Mes doigts de pieds se relâchèrent et se substituèrent à mes yeux. Je m’amusais à les mouvoir librement avant de les engouffrer dans les entrelacs de cuir rouge, puis de les ressortir comme si leur état sauvage interdisait toute domestication. Puis je les remettais avec attention et tact dans la prison dorée afin de calmer ses palpitations. Je ne voulais pas le vaincre. Je ne voulais pas qu’il s’imagine des choses du genre celle-là elle se prend pour une vraie princesse.

Il me retourna dans tous les sens avant de s’apercevoir qu’il manquait quelque chose, un peu comme un peintre devant une toile sur le point d’être achevée. En quête de la touche finale. Et il savait exactement quoi. Lorsqu’il revint de la pièce d’où on m’avait transformée en princesse, il me fit asseoir, libéra mes pieds de la toile et entreprit de me vernir les ongles. Ses mains tremblaient. Les mains de l’édificateur. Ce qui était plutôt surprenant. En même temps, son désir vacillait au contact de la chair. Je lui pris le pinceau des mains, posa mon pied droit sur son genou gauche avec majesté. Comme on écraserait une cigarette. Il matait avidement tout en s’imposant de ne pas les toucher, ce qui me fit perdre pied. Façon de parler bien évidemment puisque je sentais que je maîtrisais la situation. Le phantasme lui procurait une incroyable libido.

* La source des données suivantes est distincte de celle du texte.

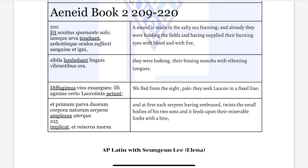Hey guys, this is Elena Singen-Lee from WeLearnToShare. Welcome to the video of AP Latin. In this video, we're going to go over Virgil's Aeneid from Book 2, from line 209 to 220. So let's start our lesson today.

Tout le contraire de la dynamique matérialiste prônée par LÉONARD.

J’étais la maîtresse… pour quelques heures seulement.

Il me prit la main et m’entraîna au milieu de la pièce. Il m’examina, sa création, son chef-d’œuvre, des pieds à la tête, de la tête aux pieds, se prenait pour le génial protecteur de tout ce qui est beau.

Il mit un disque. Pas de panique Viviane, tu es belle et tu plais.

Tout se fit très naturellement. Main gauche posée sur l’épaule droite, l’autre dans la sienne. Je n’ai jamais dansé dans ma vie d’adulte et je succombais devant cette impression de légèreté.

— On aurait dit que vous aviez fait ça toute votre vie.

— Je me sens en sécurité auprès de vous, monsieur.

— Allons ! Arrêtez avec vos slogans et ne m’appelez pas monsieur ! Ici, vous êtes au cœur de la civilisation.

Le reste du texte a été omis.